- **Exercise requirements**
Please return the listing exactly as written, but without its pictures.

- **Task inputs**
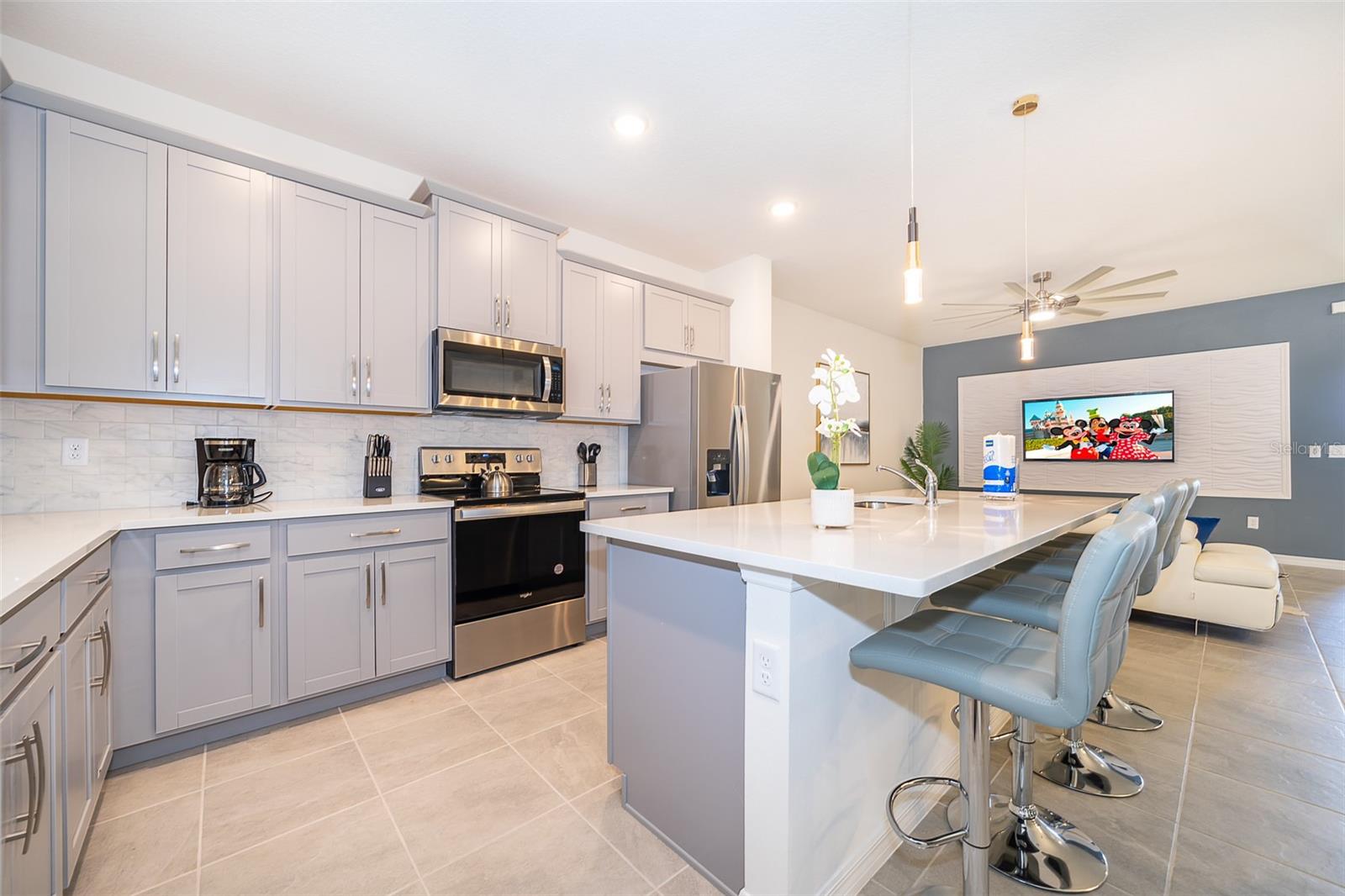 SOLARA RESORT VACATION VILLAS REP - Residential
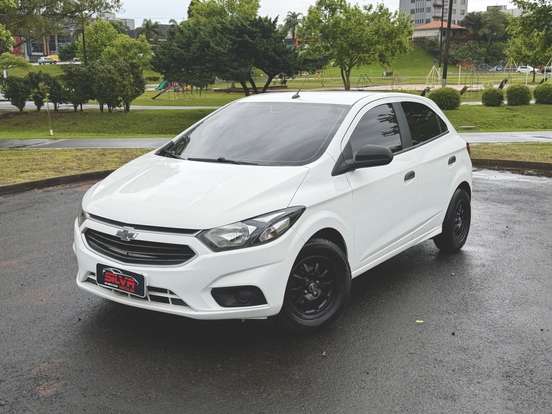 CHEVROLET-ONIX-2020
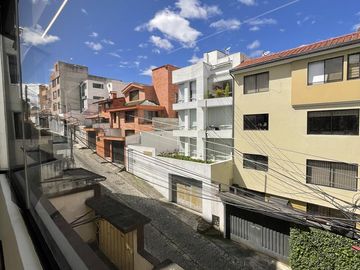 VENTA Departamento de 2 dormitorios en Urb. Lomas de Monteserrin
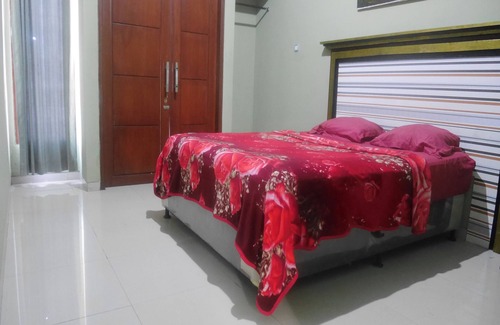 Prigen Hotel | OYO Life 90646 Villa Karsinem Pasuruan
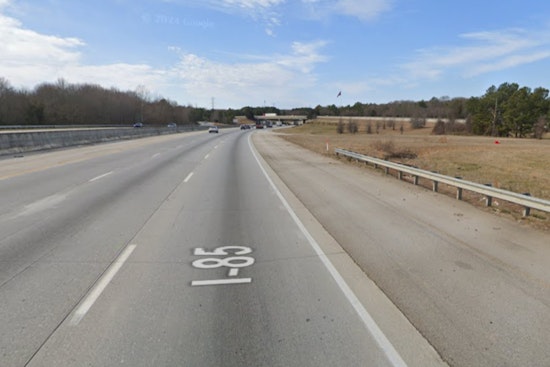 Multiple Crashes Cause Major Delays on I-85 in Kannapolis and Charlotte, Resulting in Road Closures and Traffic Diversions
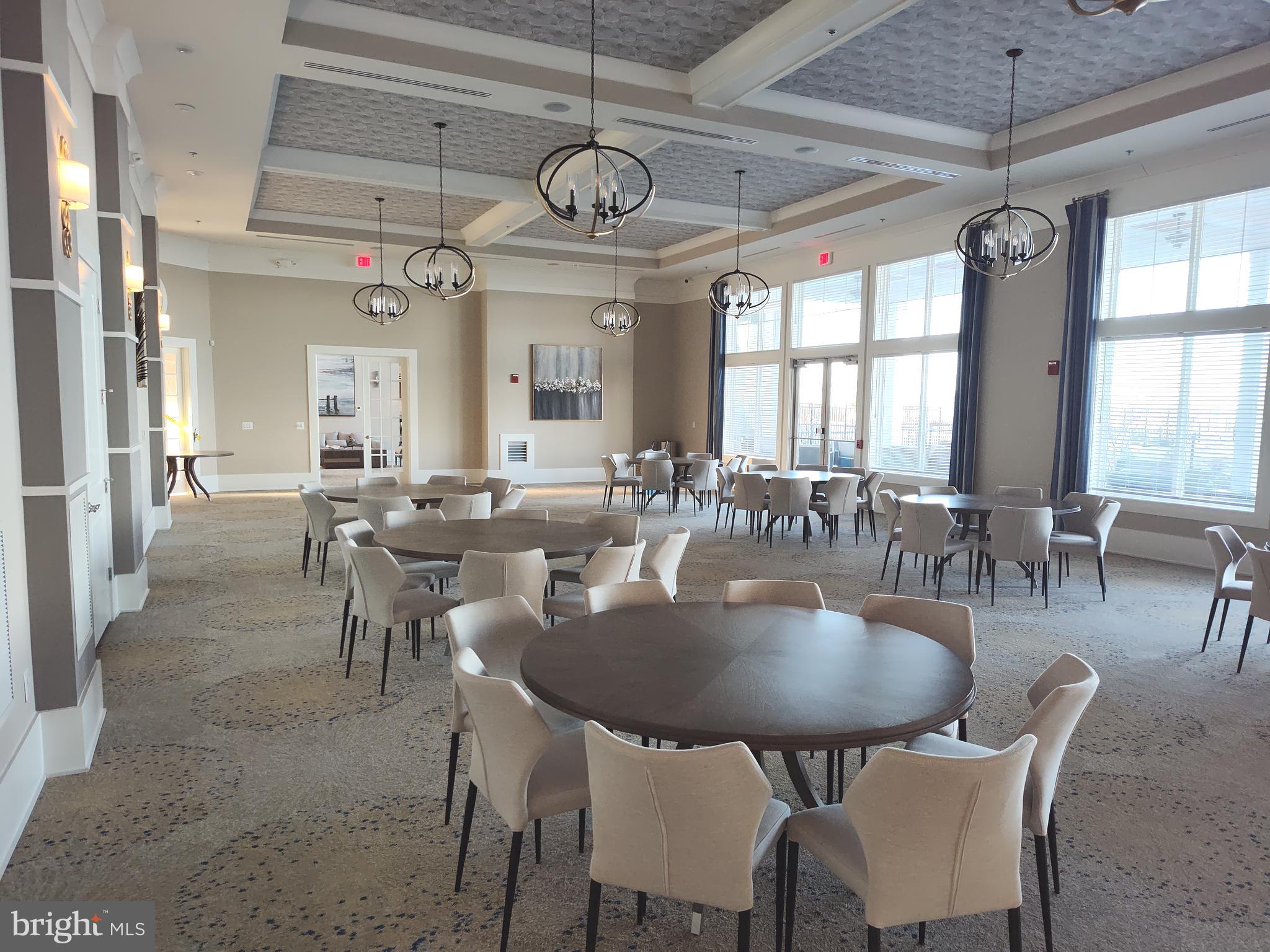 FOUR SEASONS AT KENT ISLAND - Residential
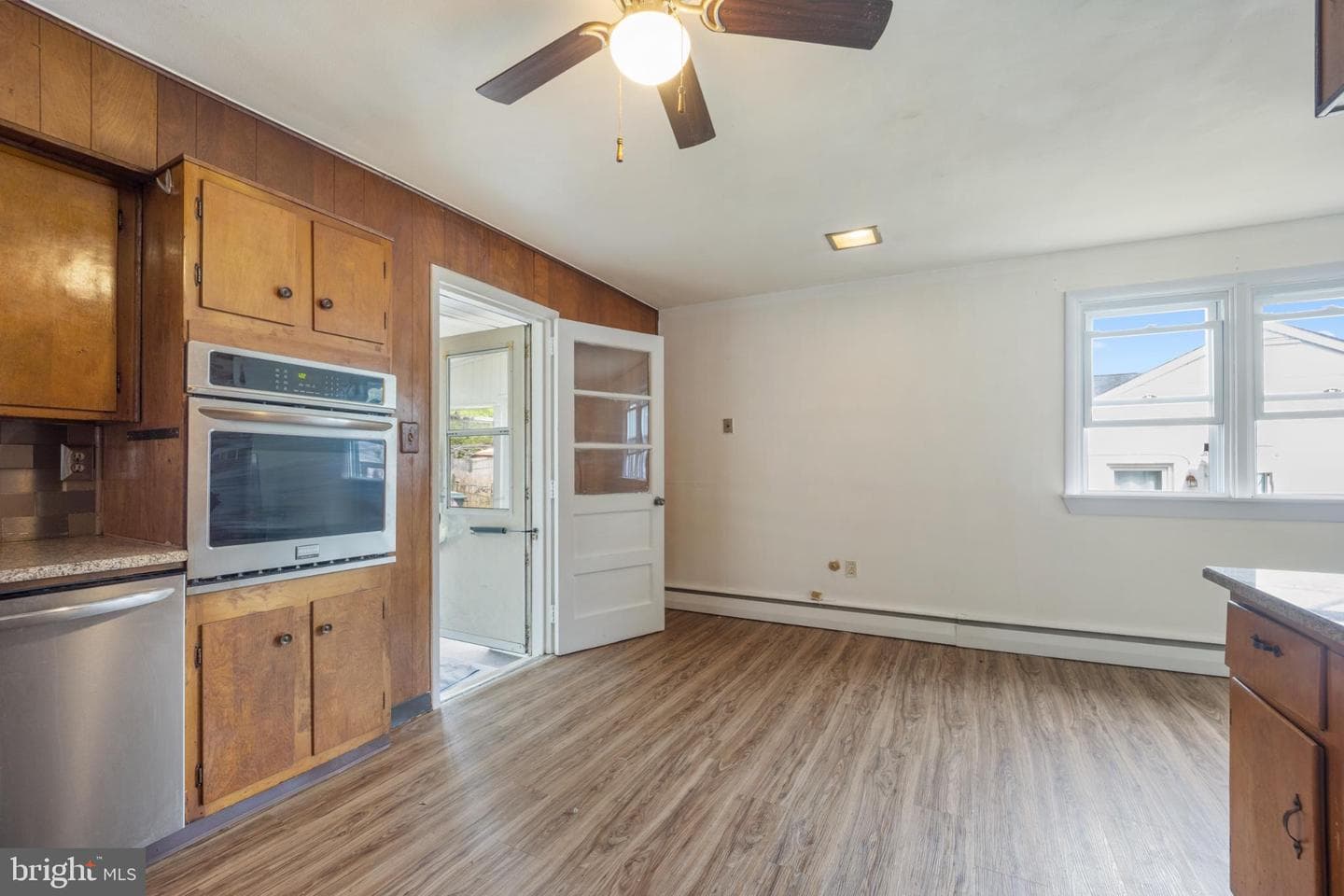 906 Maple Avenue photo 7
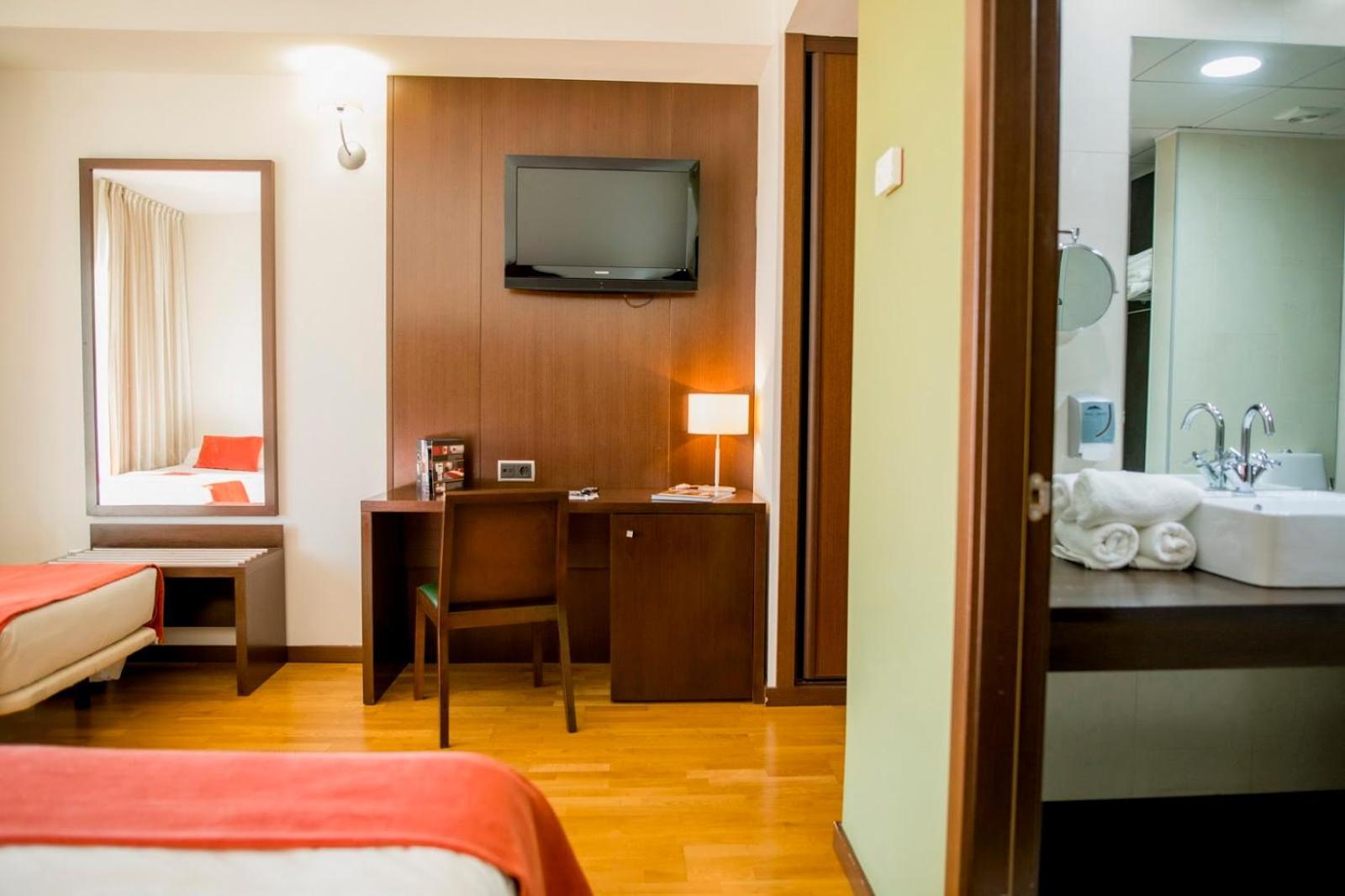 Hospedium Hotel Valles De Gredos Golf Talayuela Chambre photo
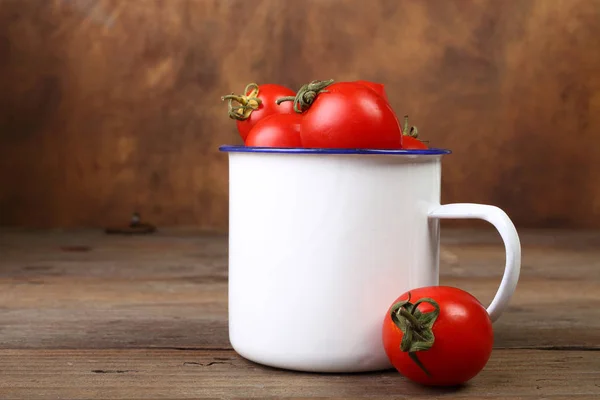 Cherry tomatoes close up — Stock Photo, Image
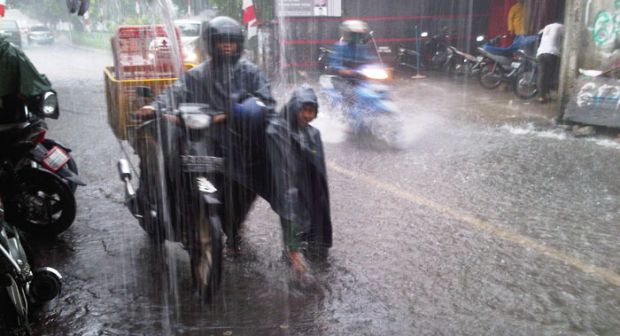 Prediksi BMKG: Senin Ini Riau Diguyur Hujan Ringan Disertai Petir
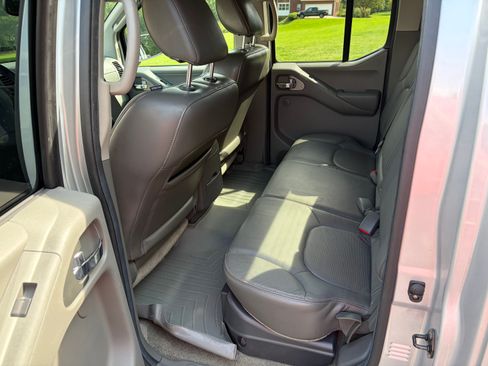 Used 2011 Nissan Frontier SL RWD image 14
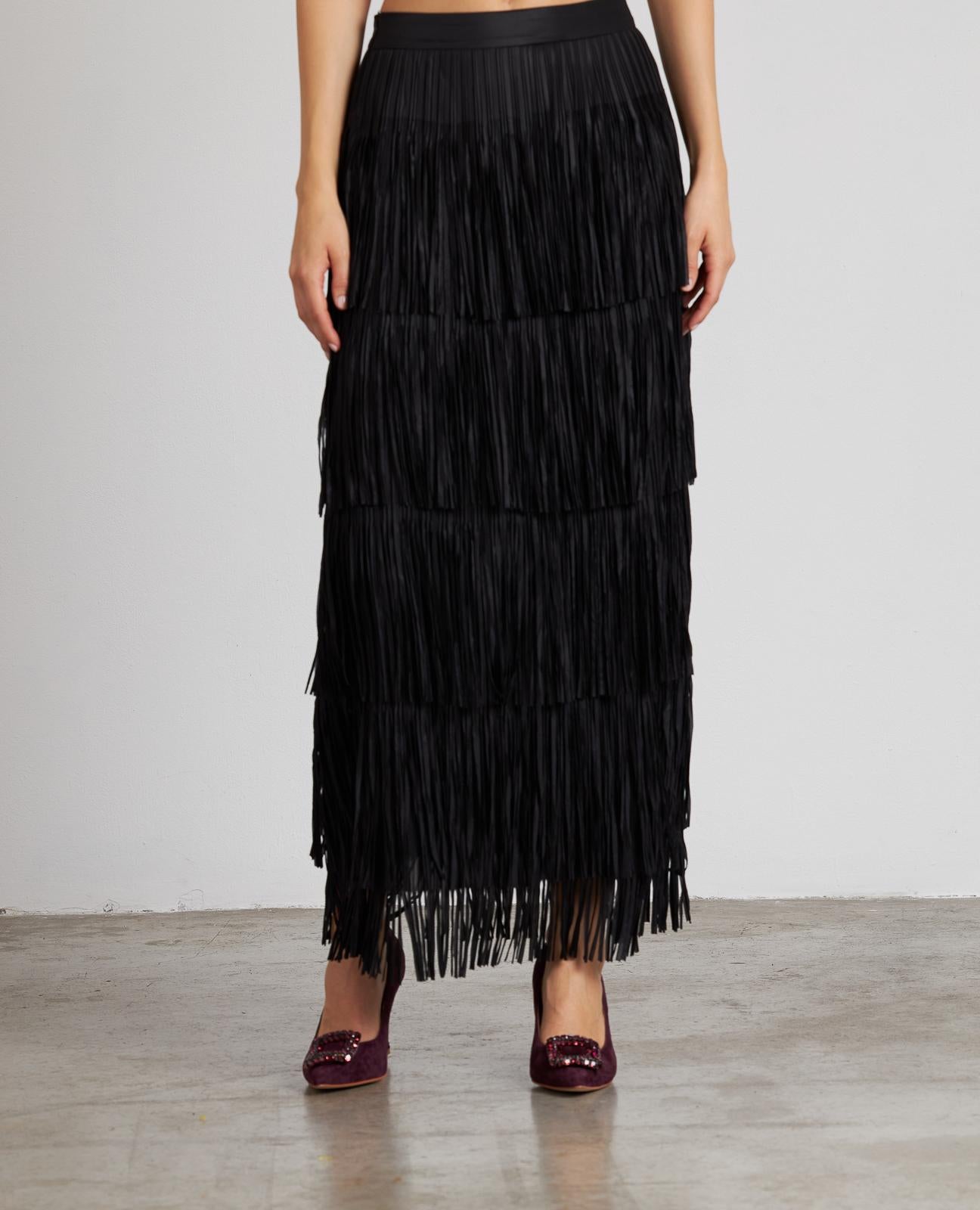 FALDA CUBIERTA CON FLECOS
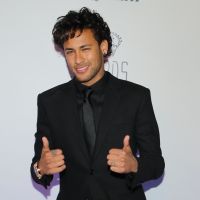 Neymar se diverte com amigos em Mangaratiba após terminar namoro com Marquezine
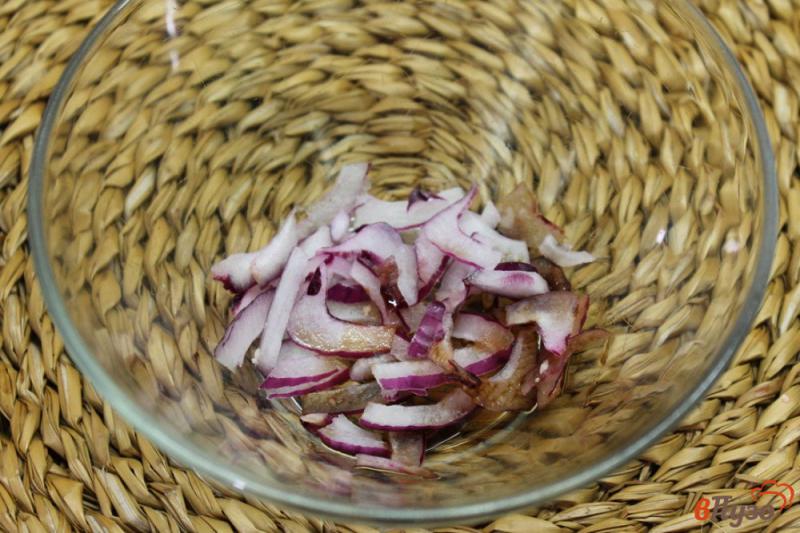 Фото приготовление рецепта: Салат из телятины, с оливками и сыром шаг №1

- **Answer to this problem**
 SOLARA RESORT VACATION VILLAS REP - Residential
 CHEVROLET-ONIX-2020
 VENTA Departamento de 2 dormitorios en Urb. Lomas de Monteserrin
 Prigen Hotel | OYO Life 90646 Villa Karsinem Pasuruan
 Multiple Crashes Cause Major Delays on I-85 in Kannapolis and Charlotte, Resulting in Road Closures and Traffic Diversions
 FOUR SEASONS AT KENT ISLAND - Residential
 906 Maple Avenue photo 7
 Hospedium Hotel Valles De Gredos Golf Talayuela Chambre photo
 Cherry tomatoes close up — Stock Photo, Image
 Prediksi BMKG: Senin Ini Riau Diguyur Hujan Ringan Disertai Petir
 Used 2011 Nissan Frontier SL RWD image 14
 FALDA CUBIERTA CON FLECOS
 Neymar se diverte com amigos em Mangaratiba após terminar namoro com Marquezine
 Фото приготовление рецепта: Салат из телятины, с оливками и сыром шаг №1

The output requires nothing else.